La solution de QM ne consiste pas à réfuter frontalement le corrélationisme, ce qu’il tient visiblement pour impossible, mais à en absolutiser le principe. En une phrase,  il y a un et un seul absolu : que tout ce qui est soit contingent. Je dois dire que ce qu’il faut entendre par là ne m’apparaît pas très clairement. Dans sa préface, Alain Badiou exprime cette position par ces mots : « une seule chose est absolument nécessaire : que les lois de la nature soit contingentes », ce qui est un énoncé plus précis mais qui présuppose l’existence de telles lois. QM quant à lui, énonce que « rien n’a de raison de demeurer tel qu’il est », ce qui implique une temporalité et restreint le champ d’application de son principe aux objets de l’univers. Il se heurte alors à ce qu’il nomme le problème de Hume, à savoir : comment inférer l’existence de lois, ou encore : comment être sûr que le Soleil se lèvera encore demain ? QM ne nie pas l’existence de telles lois, mais nie qu’on puisse démontrer que l’existence de ces lois est nécessaire. Il réfute par exemple l’argumentation de Kant (s’il n’existait pas de lois l’univers serait si chaotique qu’aucune conscience ne pourrait émerger) en montrant que celle-ci n’entraîne pas la nécessité des lois mais la simple constatation de celles-ci. Autrement dit, d’une constatation banale (qui équivaut au principe anthropique faible), on ne peut inférer aucune nécessité (ce qui serait le principe anthropique fort).

L’autre problème est celui de la stabilité des lois : si vraiment « rien n’a de raison de demeurer tel qu’il est », les lois ne devraient-elles pas se modifier ou cesser d’exister contrairement à l’observation ? Ici la réplique de QM est simplement de constater qu’aucun calcul de la fréquence des ces modifications n’est possible, car ces modifications ne sont pas circonscrites à un ensemble précis qu’on pourrait probabiliser. L’argument, exposé de façon assez pesante est pourtant très simple dans son principe, et je l’ai moi-même utilisé ici pour réfuter l’argument de la simulation de Nick Bostrom.

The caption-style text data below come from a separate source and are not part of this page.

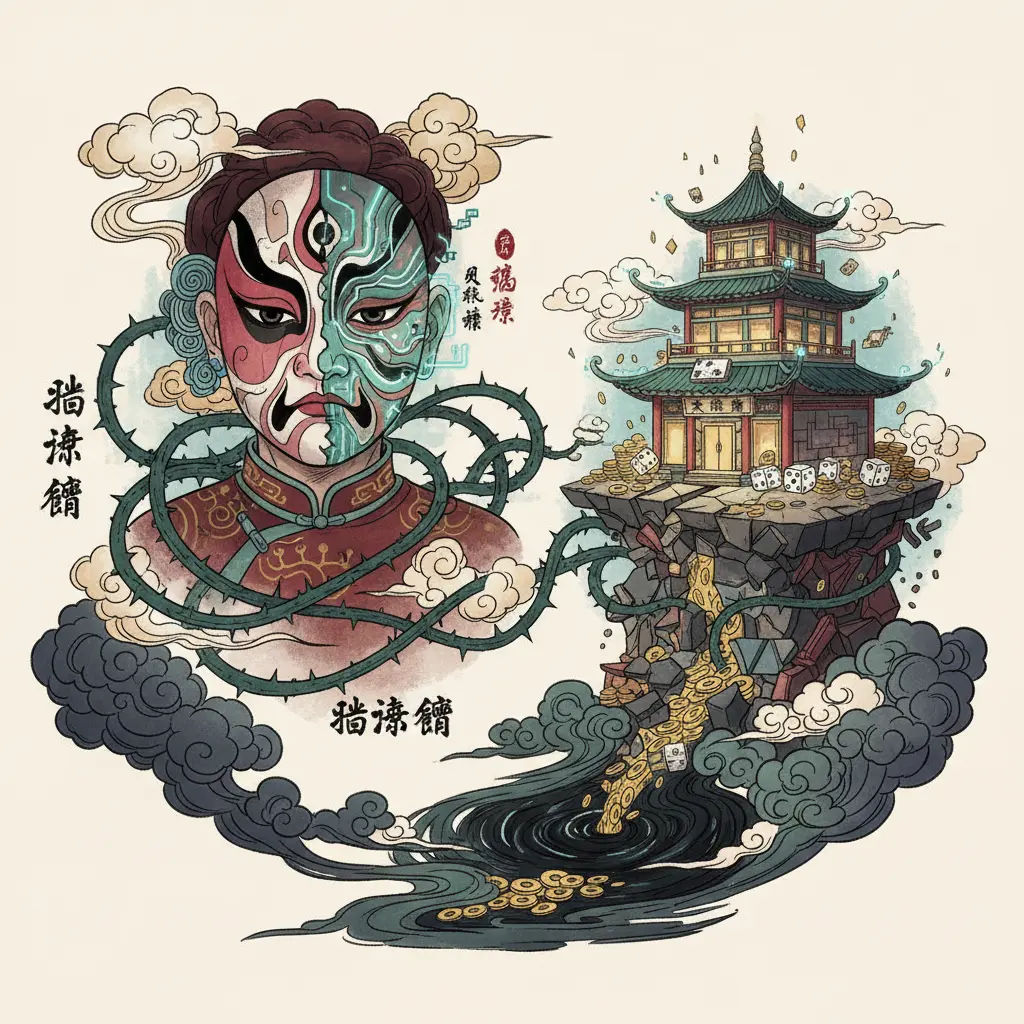 賭博成癮 - 人格障礙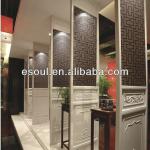 Chinese modern design decorative wall paper-121205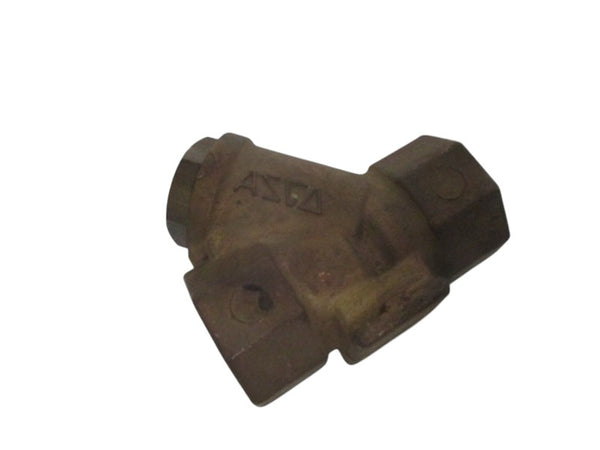 ASCO V0124 CHECK VALVE 3/4" UNMP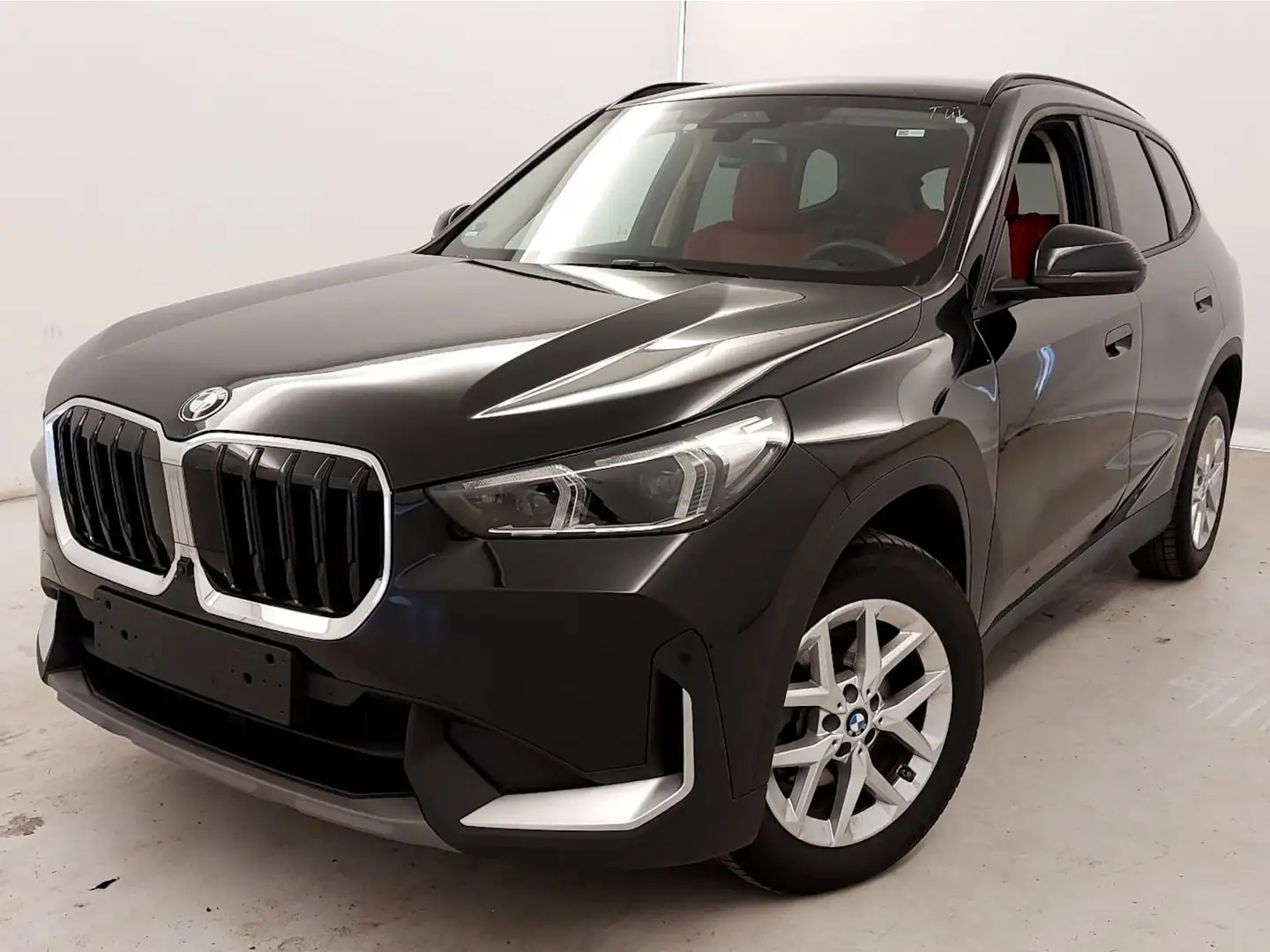 BMW X1 xDrive 20d Sport HeadUp 360°Kam ACC Ad. LED Schwarz - 1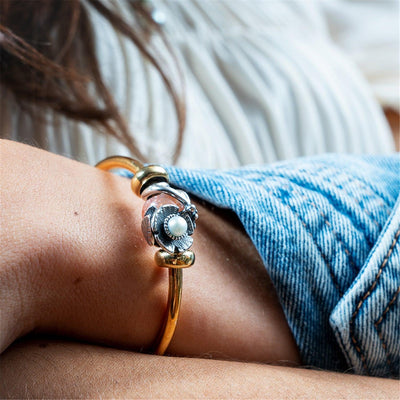 Virágölelés Bead - Trollbeads Ékszerek Magyarország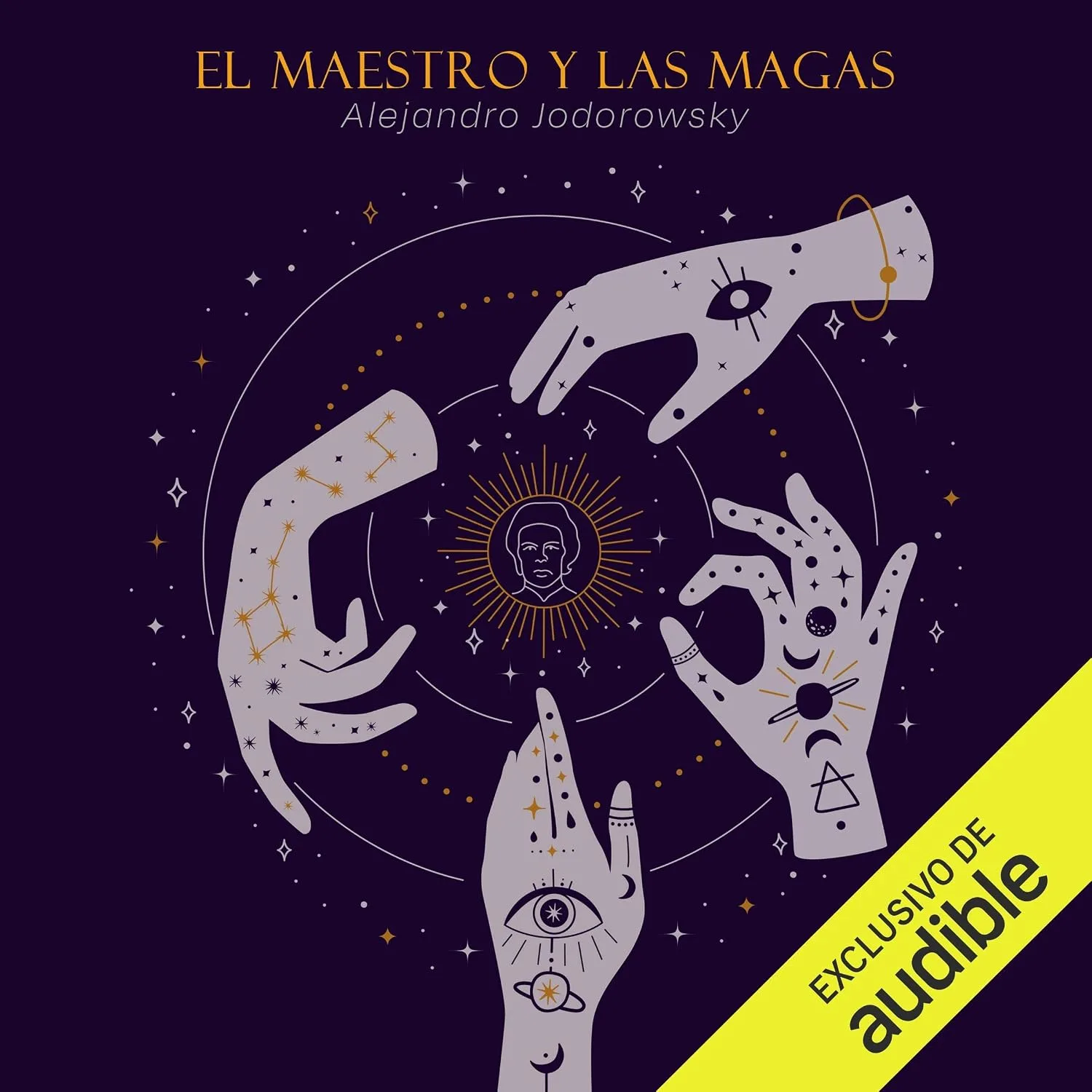 Portada de El maestro y las magas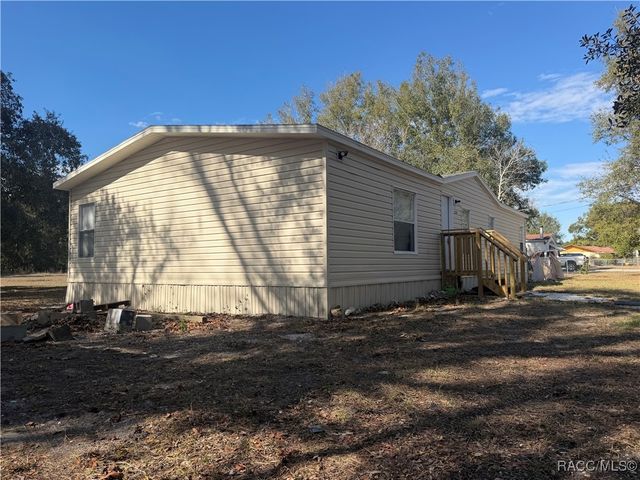 2840 S Pine Ridge Avenue, Homosassa, FL 34448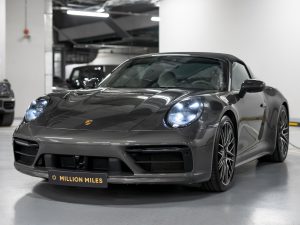 Porsche, 911, VIII (992), 2023 купить в салоне Million Miles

Je dois admettre que toute cette partie me semble assez confuse. N’est-il pas dans la nature d’une loi physique d’être stable ? Si on observait que les corps à la surface de la Terre cessent d’être attirés vers son centre tous les jeudi entre 14 et 16h, heure de Tombouctou, cela serait encore une « loi stable » (la loi elle-même ne se situe pas dans l’espace-temps, elle ne peut donc pas évoluer). Du reste, le temps lui-même fait partie de la Nature et il est soumis à des lois. Il n’est donc pas une entité externe au monde qui permettrait de donner un sens aux termes « modification » ou « évolution » des lois de ce monde. Le problème ne me paraît donc pas très bien posé. On peut imaginer que QM a plutôt en tête un problème similaire à celui des singes dactylographes : nous pourrions vivre dans un monde qui aurait l’apparence d’être soumis à des lois, par le seul fait du hasard, jusqu’au jour où tout sombrerait dans le chaos. La réfutation probabiliste serait alors valable, mais il me semble qu’en approfondissant la question on s’apercevrait que beaucoup de ces choses qu’on imagine facilement n’ont en réalité aucune possibilité d’exister car elles sont auto-contradictoires. Bien sûr il faudrait préciser la notion « possibilité d’exister », et si j’ai bien compris la pensée de QM, nous pourrions tomber d’accord pour dire que seul ce qui est mathématisable a la possibilité d’exister. Or, bien qu’il soit très facile d’imaginer un monde qui serait en tout point semblable au notre jusqu’au 25 juillet 2007 et se transformerait intégralement en Banania le 26, je mets au défi quiconque de mathématiser un tel monde !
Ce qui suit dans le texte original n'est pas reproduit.